Recalling that some of Beirut’s mosques played old records or cassettes of the muezzin’s call, I asked, “Does he do all the singing himself or does he play a recording?”
“He does it very well. He doesn’t live here. He has got a family, and he gets his salary from the government.”
“From the government?” I asked, surprised that Atatürk’s secular state subsidised the mosque.
“Of course.”
“What time is the first prayer?”
Without asking the old man, she answered, “Ten minutes to five in the morning.”
I asked, again hoping to start a conversation with the muezzin, who stood silently at her side, “He comes here that early every day?”
“No,” she said, ignoring the old man. “He climbs the minaret five times a day. And we can watch from our windows to make sure he is doing his job.”
I could not help but sympathise with the muezzin, standing here idly wondering what we were talking about, and climbing to the top of the minaret five times a day while Miss Ozmen watched from her window.
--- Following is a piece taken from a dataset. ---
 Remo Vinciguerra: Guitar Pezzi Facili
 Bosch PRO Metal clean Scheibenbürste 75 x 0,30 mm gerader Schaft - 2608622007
The muezzin said I could look inside the mosque. I took off my shoes and stepped inside, walking over the thick Persian carpets, trying not to disturb the men inside who prayed silent and prostrate facing the mithrab, a small niche in one wall indicating the direction for correct devotion. The minbar, a platform raised above the mosque like a pulpit from which the Friday sermon was delivered, was empty. In a far corner, near a long window, a small group of men sat talking quietly. The mosque had been not only a place of prayer, but of religious teaching and discussion, from Islam’s earliest days. The only decorations, in keeping with the Prophet’s prohibitions against representation of the human form, were the geometric patterns and calligraphy carved into the stonework.
“Do you come to the mosque?” I asked Miss Ozmen, when I had put my shoes back on in the courtyard.
“Usually, only the gentlemen come to the mosque. Ladies stay at home. On special occasions, we come to the mosque, but we pray in special places, specially behind gentlemen.” The other, older blind man began to speak to her in Turkish. He was stooped over a long walking stick and wore the traditional sharwal and white skull cap of the religious man. “He is asking if you would like to see the tomb of Yahya,” she explained.
“Yahya?”
“Yes,” she said. “A follower of Issa, of Jesus.”
The blind man led us to a small room. “I cannot go in without a headscarf,” she said. “You can go in.”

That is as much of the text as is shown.